Chapter 11

Mudjon fears the worst

Mudjon remained on the hill, silhouetted against the sky of late afternoon, watching for some sign that his old friend was still alive out there in the desert. It was almost dark before he could bring himself to abandon his post. He came down the northern face of Kata Kata, igniting the grass as he moved, and as we sat around our camp fire that night the heights above us were dotted with dozens of small fires as though scores of Aboriginal families were camped on the hillside, as though the country had come alive again and the Mandildjara people had returned home.
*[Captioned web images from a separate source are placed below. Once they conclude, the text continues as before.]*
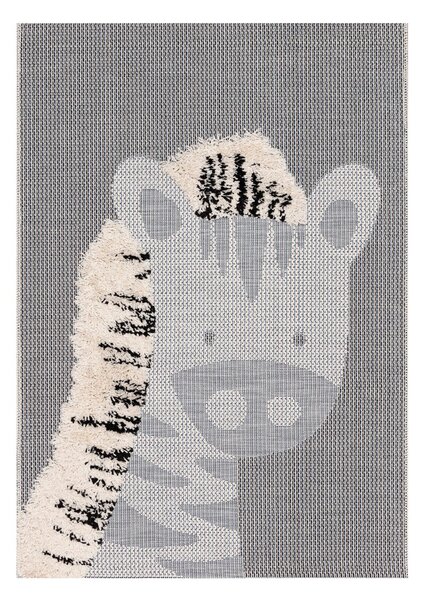 Dywan Zebra 120x170cm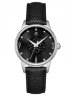 Женские наручные часы Mercedes-Benz Watch, Women, Glamour Mark 2, Silver / Black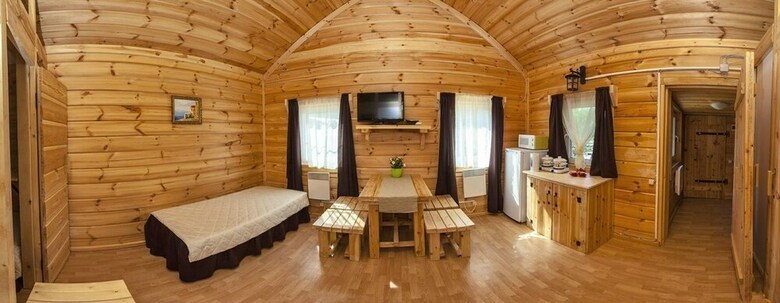 Apartamento Kirochnoe Zagorodny Kompleks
Mudjon was very depressed. The signals we had sent up on three occasions that day had gone unanswered, signals that would have been visible for a hundred and sixty kilometres in every direction. Warri and Yatungka must have seen them — if they were alive. They had not replied and the conclusion to be drawn was that they had not survived, that their search for water after leaving Baabool had been unsuccessful.

I thought it would be ironical if, after many thousand years of roaming the Western Gibson Desert, the last of the nomadic Aborigines there had succumbed, not from old age or disease but from their inability to find sufficient water to survive. For several millenia the country had satisfied the needs of the desert people and it seemed that the last of them, the couple who had chosen to remain there, had perished because there was not enough water to keep just two people alive. The land too, was dead, the result of the greatest drought this century, and possibly for centuries. We had arrived too late, said Mudjon, perhaps two or three weeks too late.